Comparative Analysis of Education Policy: The Crossing Vectors of Funding and Autonomy

Notre Dame Law Professor Nicole Garnett is conducting a cross country legal analysis to explore the diverse legal policy environments in which Catholic schools operate, since legal rules shape in important ways how Catholic schools operate, whom they serve, and even what they are. These questions are critical to gaining a robust understanding of Catholic schools globally. Indeed, the legal constraints on school operations are so varied, and shape school operations so comprehensively, that many participants at our 2018 conference in Rome (Global Catholic Education and Integral Human Development: Setting a Social Science Research Agenda) concluded that it might be impossible to draw any comparative generalizations about what Catholic schools are

Garnett’s work engages these themes to employ a legal analysis of four illustrative cases (the United States, Australia, Kenya, and Greece) and focuses on two dimensions critical to Catholic schools: (1) the degree to which public funds are available to private and faith-based schools in each context, and (2) the level of autonomy the law provides for these schools.

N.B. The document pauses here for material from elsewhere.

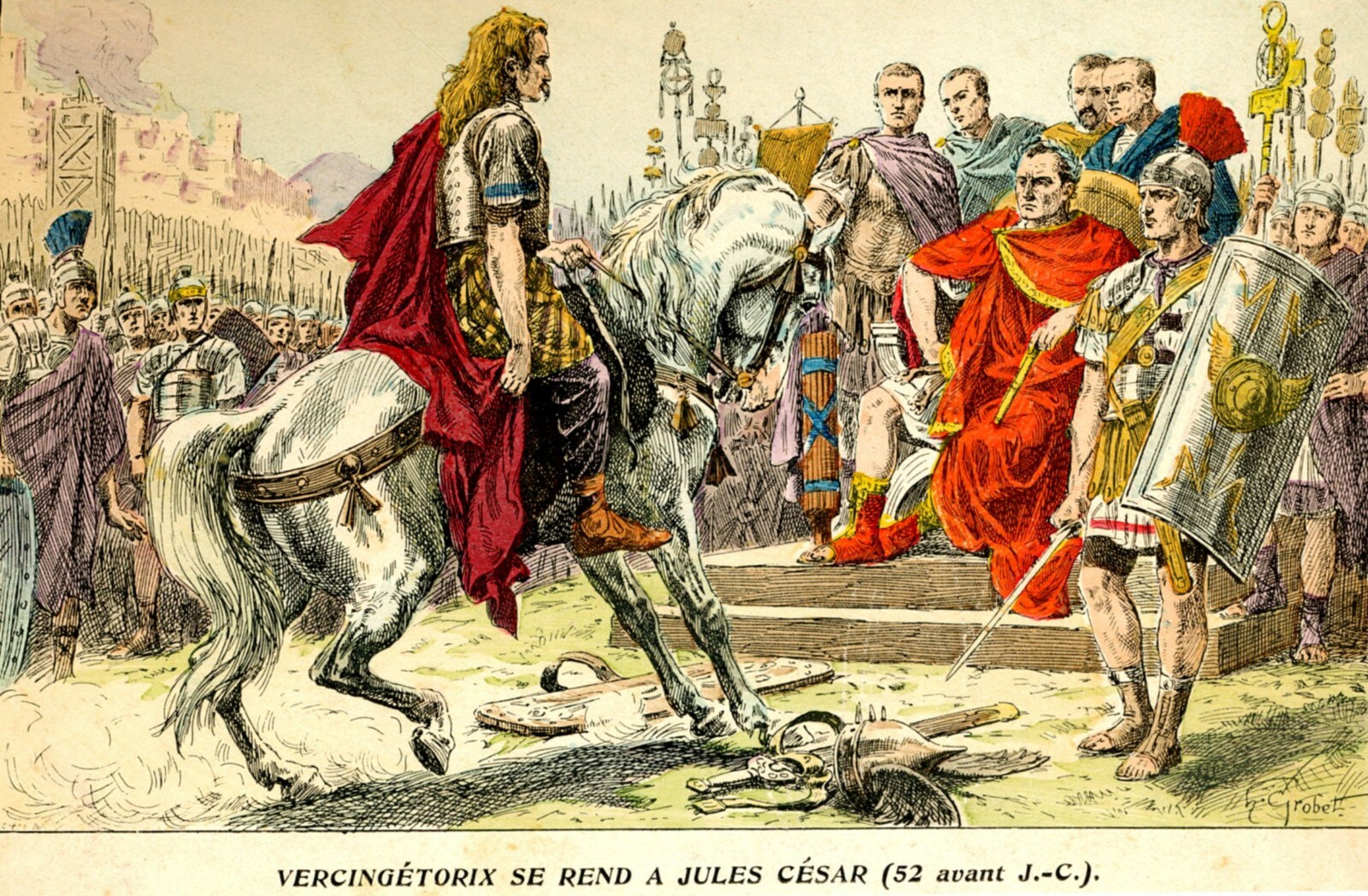 Plaque métal César Conquête de la Gaule 30 x 20 cm pour masquer un mur vide avec style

In the United States, for example, Catholic schools operate in a legal environment that, by and large, requires private schools to be self-funding but also gives them substantial operational autonomy. In many other contexts, the opposite is true—Catholic schools are funded by the government, but their autonomy is substantially constrained by law. For example, in many African nations, most Catholic schools were nationalized during the immediate post-colonial period. Today, they operate as “church-sponsored” public schools—that is to say, they receive public funding, but have no control over staffing, curriculum, and student body composition.